Al fondo del camino, el Pontiac giró a la derecha. La limusina lo siguió.

—Me huelo algo malo —dijo Wayne—. Hay algo aquí que no me gusta. Para salir a la carretera hay que doblar a la izquierda.

El camino de la derecha no tiene salida.

Sterling giró a la derecha siguiendo a los demás. Wayne estaba en lo cierto. El camino acababa allí. Pero antes de acabar había una entrada a un gran aparcamiento tapada parcialmente por el follaje. Sterling se detuvo.

—La limusina está allí —dijo Wayne, señalando a la derecha.

—Y allí está el Pontiac —dijo Sterling con un gesto hacia las pistas de tenis—. Y allí está el señor Murphy cargando su equipaje en el maletero. No es un sistema muy ortodoxo de despedirse.

—Supongo que se creen muy listos —dijo Wayne, moviendo tristemente la cabeza.

—Quizá esta maniobra está relacionada con el señor Robert Harris —propuso Sterling.

Esperaron a que el Pontiac rojo pasara por la salida. La limusina siguió luego. Después de esperar un rato, Sterling hizo lo propio.

—Atención al coche azul de Harris —avisó Sterling.

Wayne asintió:

—Estoy vigilando —le tranquilizó.

Siguieron en dirección sur durante seis o siete kilómetros y luego cortaron por el oeste hacia el Golfo. Al final acabaron en el Gulf Shore Boulevard.

—Esta zona está bastante más construida —dijo Wayne.

A ambos lados de la carretera había edificios de condominios con el césped bien cuidado y parterres llenos de flores.

Siguieron conduciendo durante un rato hasta que vieron el Pontiac rojo doblar hacia una rampa y subir a la entrada del primer piso del Edgewater Beach Hotel. La limusina salió de la carretera pero se quedó en la planta baja y dio la vuelta al edificio. Sterling salió de la carretera y aparcó en unas plazas en diagonal a la derecha de la rampa. Paró el motor. Desde lo alto de la rampa podían ver a Sean dando instrucciones para que sacaran el equipaje del Pontiac.

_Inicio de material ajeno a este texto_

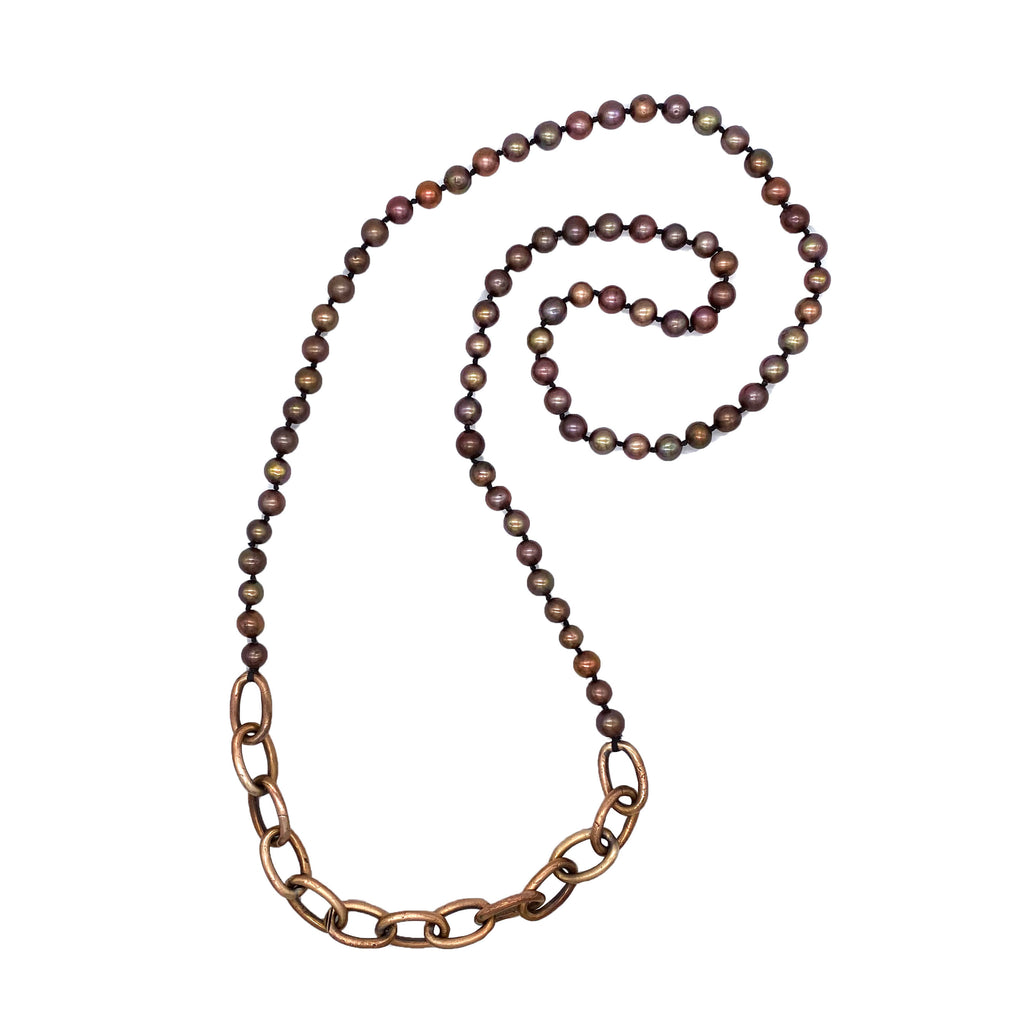 Brown Rice Pearl Necklace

—Un pequeño y agradable hotel —dijo Wayne—. Menos ostentoso.

—Creo que la fachada te está engañando —dijo Sterling—. Uno de mis contactos en la banca me contó que un suizo encantador ha comprado este hotel y lo ha convertido en un lugar elegante al estilo europeo.

—¿Crees que Tanaka pondrá en marcha su plan desde aquí? —preguntó Wayne.

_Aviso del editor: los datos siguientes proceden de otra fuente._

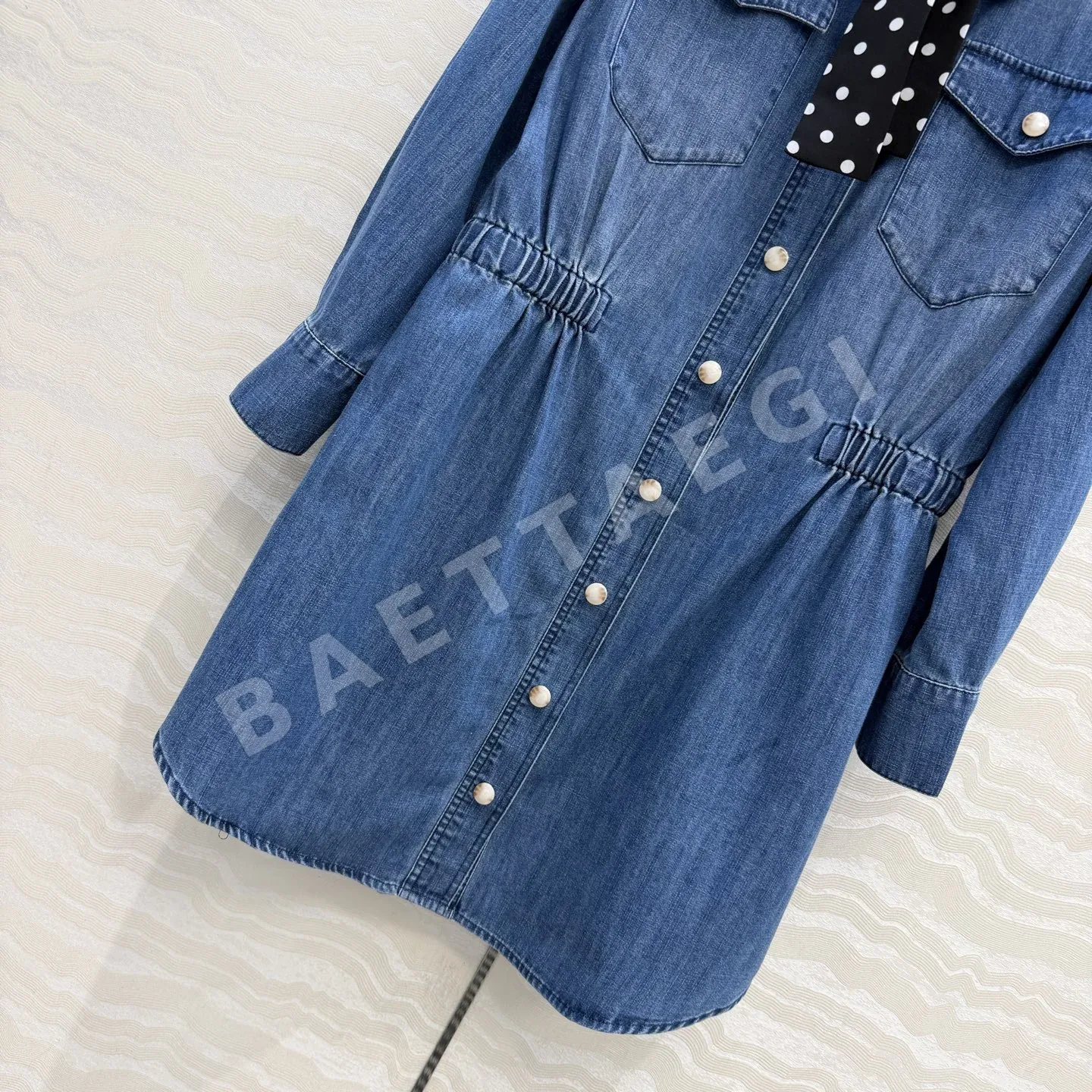 발렌티노 블루 데님 나비넥타이 원피스 상세 이미지 6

—Está esperando, supongo, que Sean y su compañera salgan pronto para poder acorralarlos en algún lugar solitario.

—Si yo estuviera con este bombón, creo que echaría el pestillo a la puerta y pediría que me subieran la cena.

Sterling cogió el teléfono del coche.

—Ya que hablamos de la compañera del señor Murphy, veamos qué han descubierto sobre ella mis contactos en Boston.